[PROBLEM STATEMENT]:
All of the entries must be reproduced exactly, with no images carried over.
------ PROVIDED ENTRIES ------
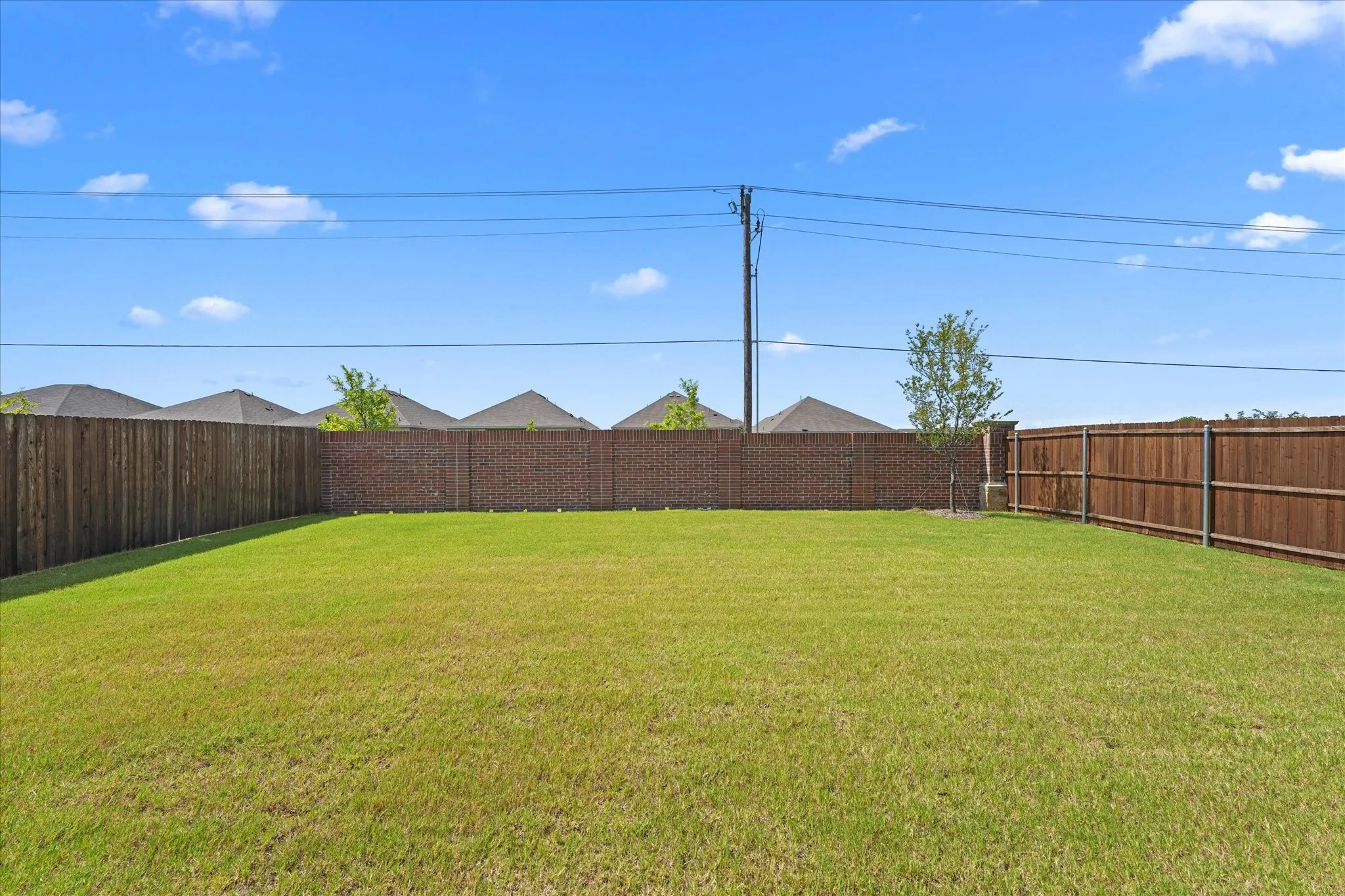 Single Family Residence For Sale in Hunt County , 1721 Rushpea, Royse City, Texas 75189, 4 Bedroom, 3 Bathroom, 2 Garage spaces, 2,605 Sqft, built in 2025, mls#21347024, Real Estate Agent in Royse City, Homes For Sale in Hunt county, Homes For Sale in Royse City, Realtor in Royse City Texas, Real Estate Brokerage Independent Realty Texas, Luminita Cordes Realtor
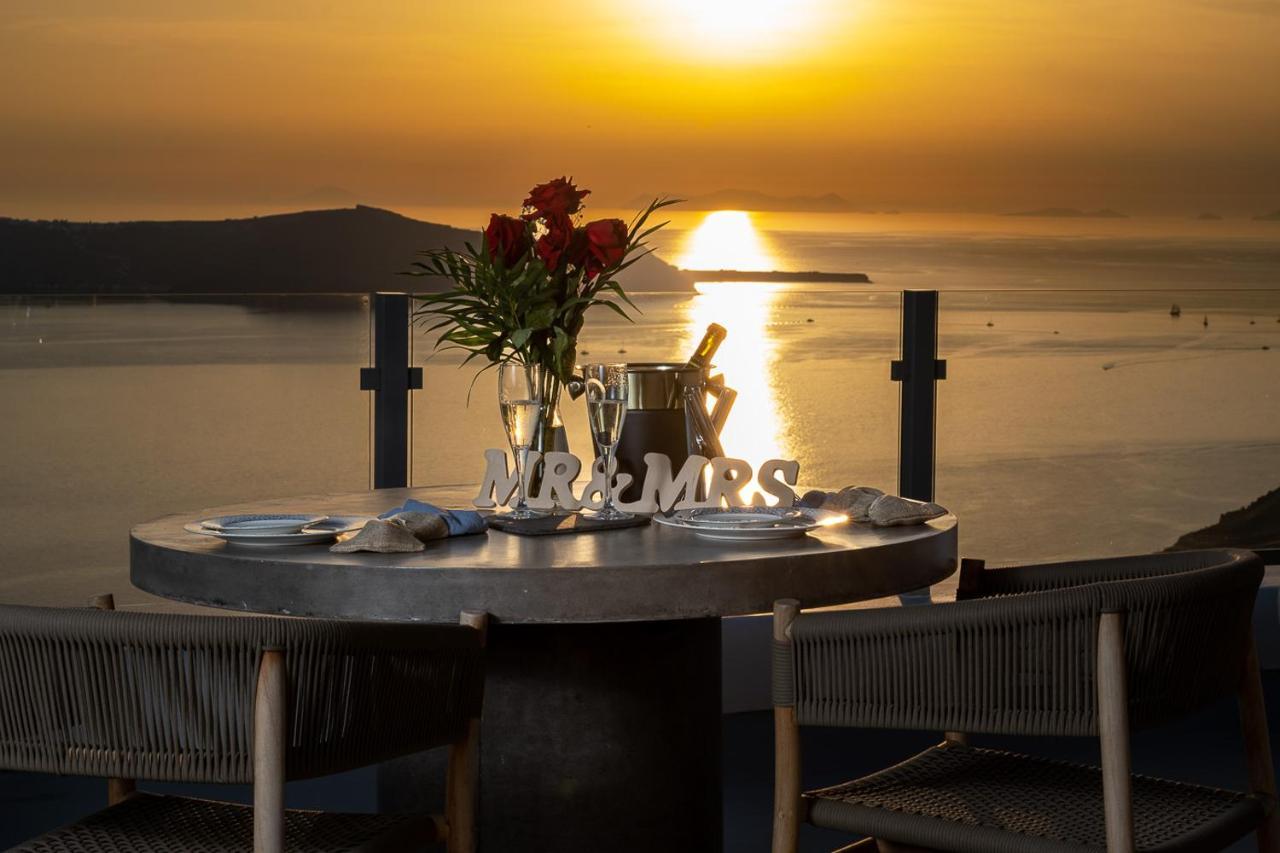 U & Me Suites Fira  Dış mekan fotoğraf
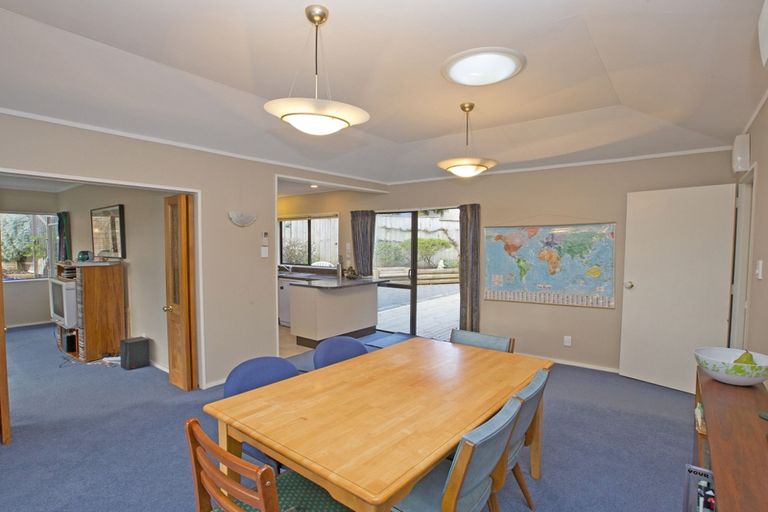 Photo of property in 1 Springdale Grove, Fitzherbert, Palmerston North, 4410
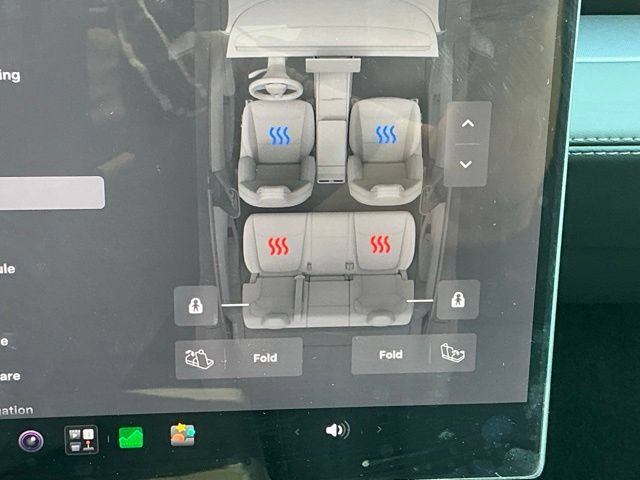 Used 2026 Tesla Model Y 2WD image 26
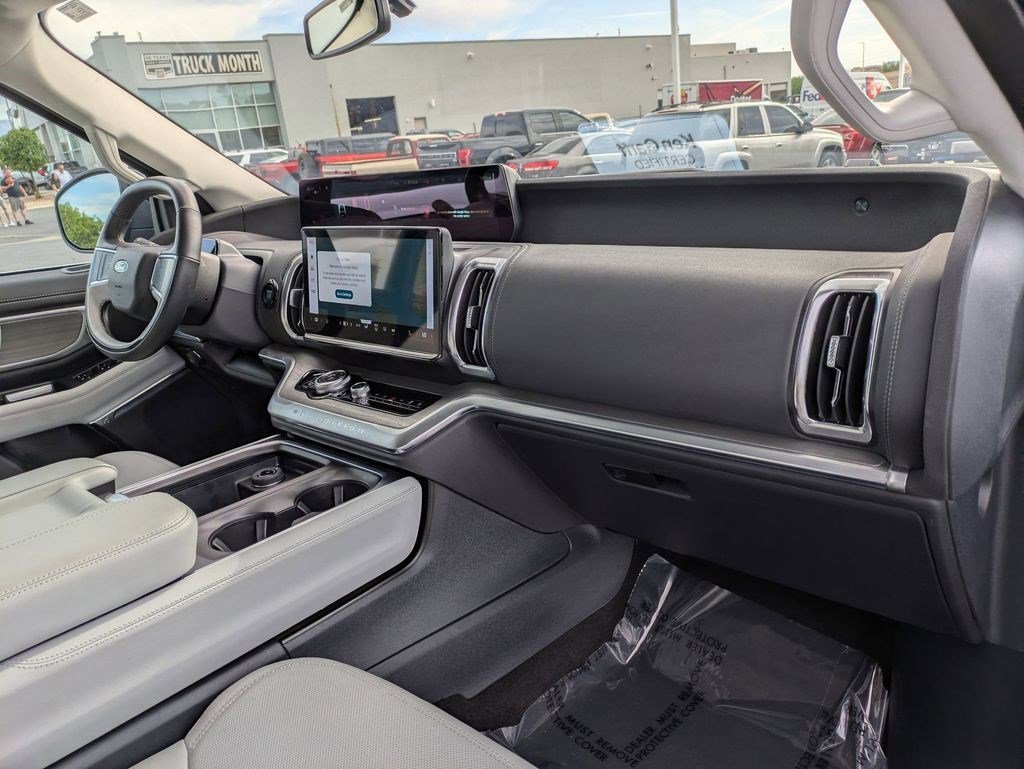 Certified 2025 Ford Expedition Platinum AWD/4WD image 34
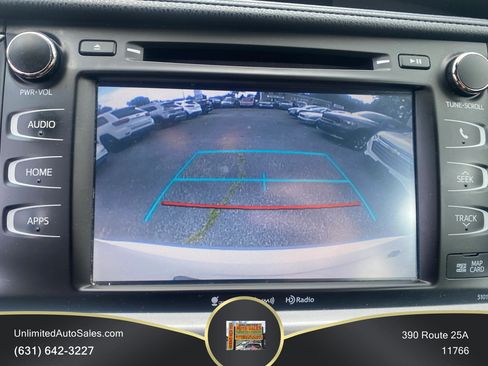 Used 2017 Toyota Highlander XLE AWD/4WD image 6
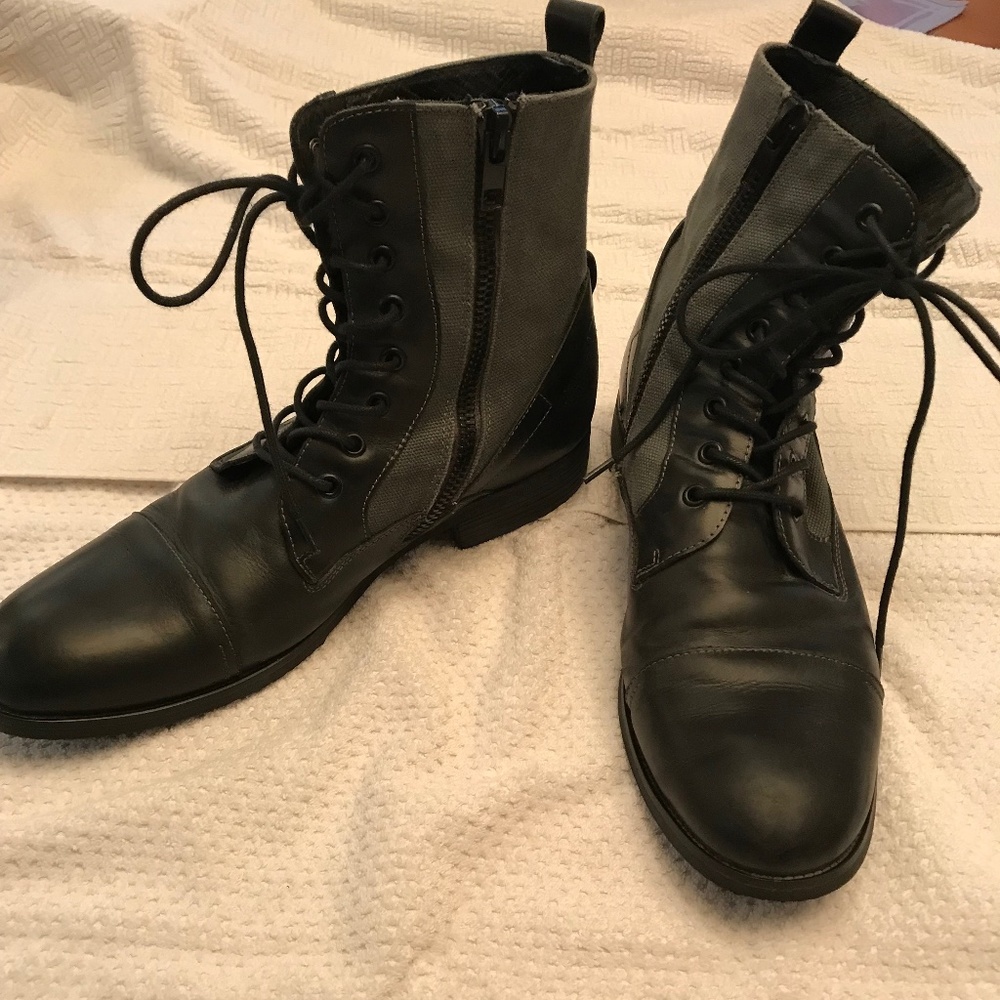 Kenneth Cole Boots
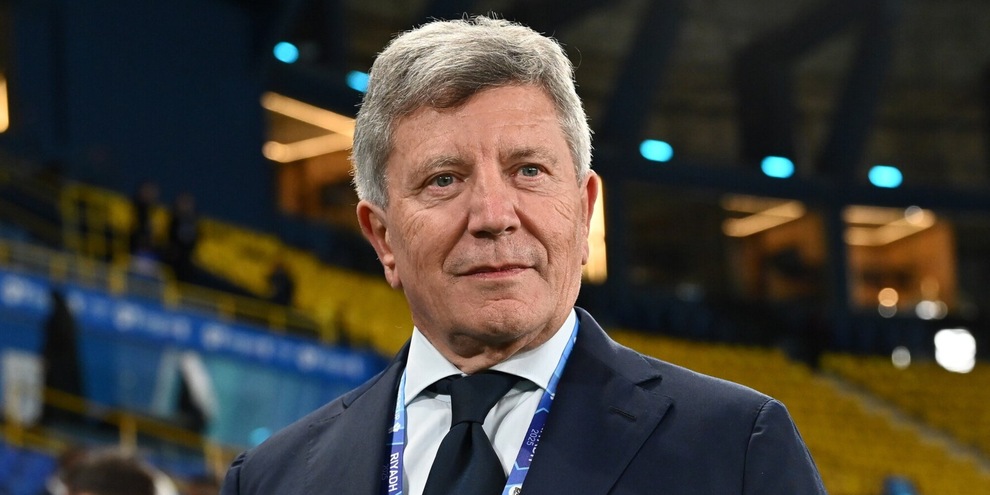 "Niente San Siro, solo una sede per lo spareggio Scudetto": Simonelli a sorpresa "Niente San Siro, solo una sede per lo spareggio Scudetto": Simonelli a sorpresa
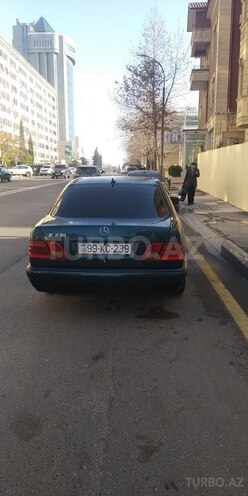 Mercedes E 230 1996, 570,000 km - 2.3 л - Bakı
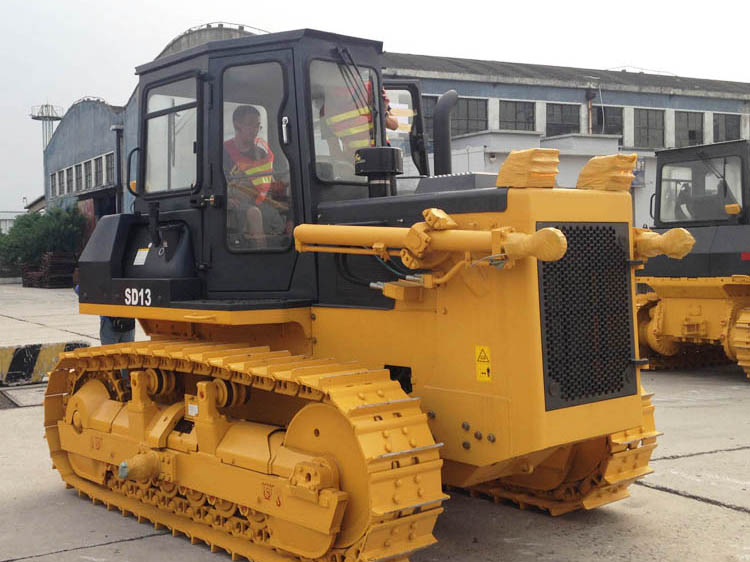 Bulldozer sur chenilles Shantui SD13 130cv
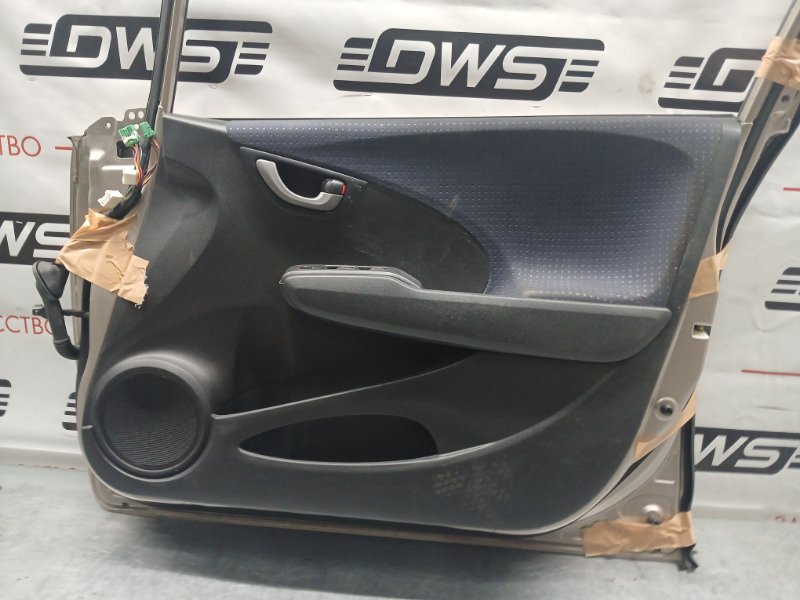 Дверь передняя правая, 10000 рублей, Красноярск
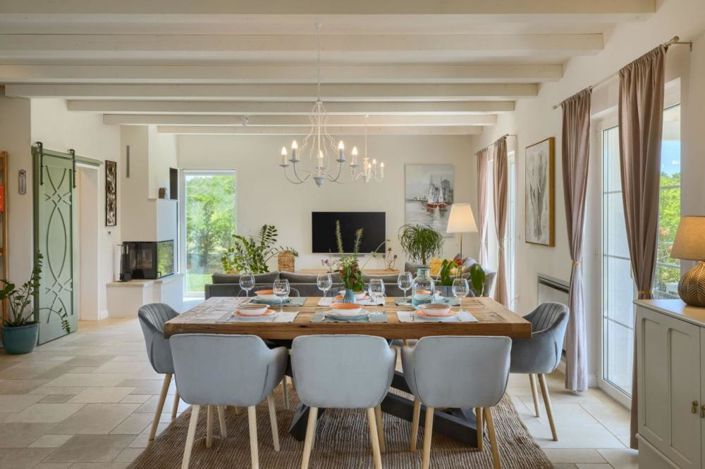 Image No.6-4 Bed Property for sale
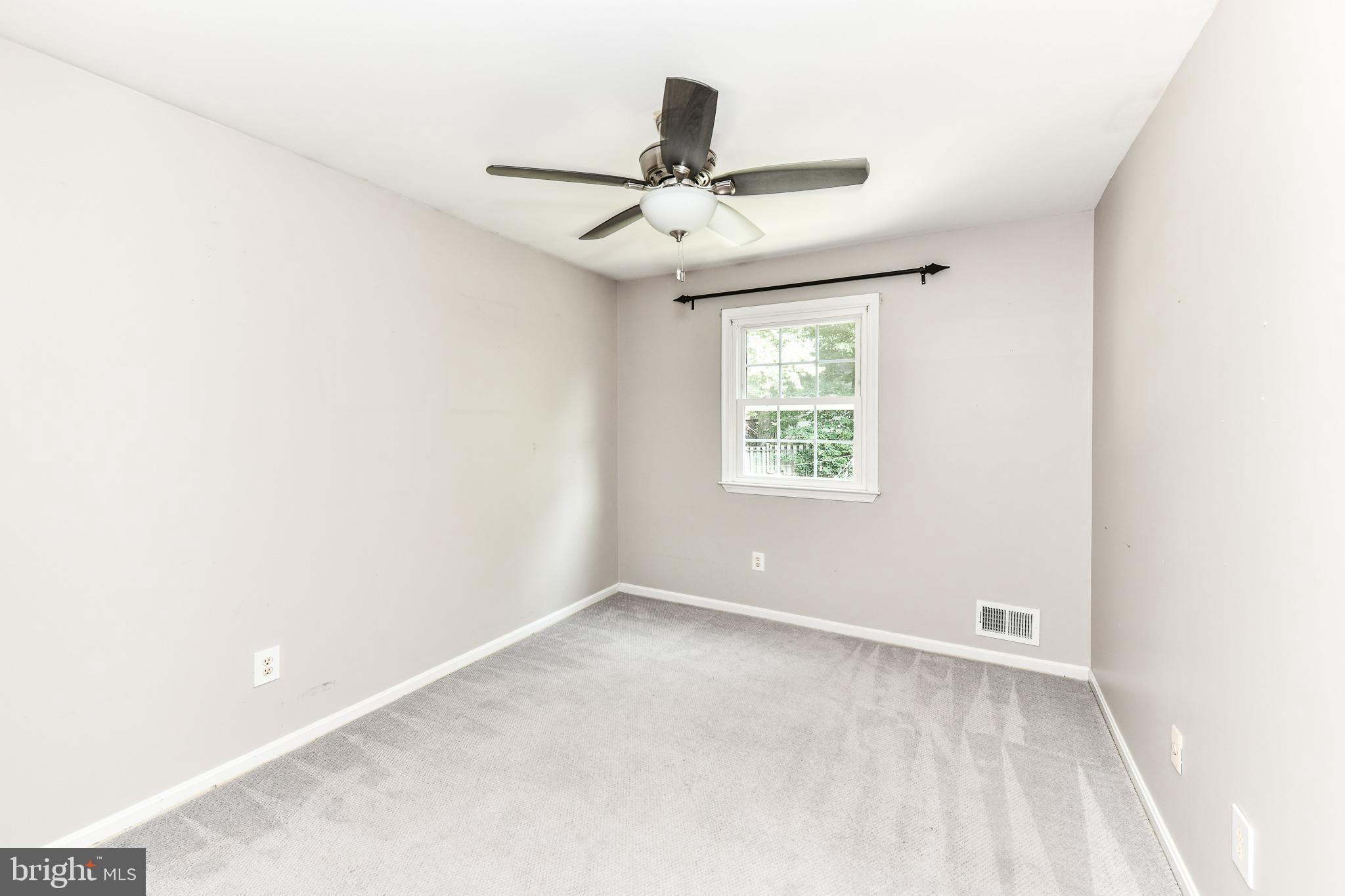 BRIARWOOD - Residential Lease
------
[SOLUTION]:
 Single Family Residence For Sale in Hunt County , 1721 Rushpea, Royse City, Texas 75189, 4 Bedroom, 3 Bathroom, 2 Garage spaces, 2,605 Sqft, built in 2025, mls#21347024, Real Estate Agent in Royse City, Homes For Sale in Hunt county, Homes For Sale in Royse City, Realtor in Royse City Texas, Real Estate Brokerage Independent Realty Texas, Luminita Cordes Realtor
 U & Me Suites Fira  Dış mekan fotoğraf
 Photo of property in 1 Springdale Grove, Fitzherbert, Palmerston North, 4410
 Used 2026 Tesla Model Y 2WD image 26
 Certified 2025 Ford Expedition Platinum AWD/4WD image 34
 Used 2017 Toyota Highlander XLE AWD/4WD image 6
 Kenneth Cole Boots
 "Niente San Siro, solo una sede per lo spareggio Scudetto": Simonelli a sorpresa "Niente San Siro, solo una sede per lo spareggio Scudetto": Simonelli a sorpresa
 Mercedes E 230 1996, 570,000 km - 2.3 л - Bakı
 Bulldozer sur chenilles Shantui SD13 130cv
 Дверь передняя правая, 10000 рублей, Красноярск
 Image No.6-4 Bed Property for sale
 BRIARWOOD - Residential Lease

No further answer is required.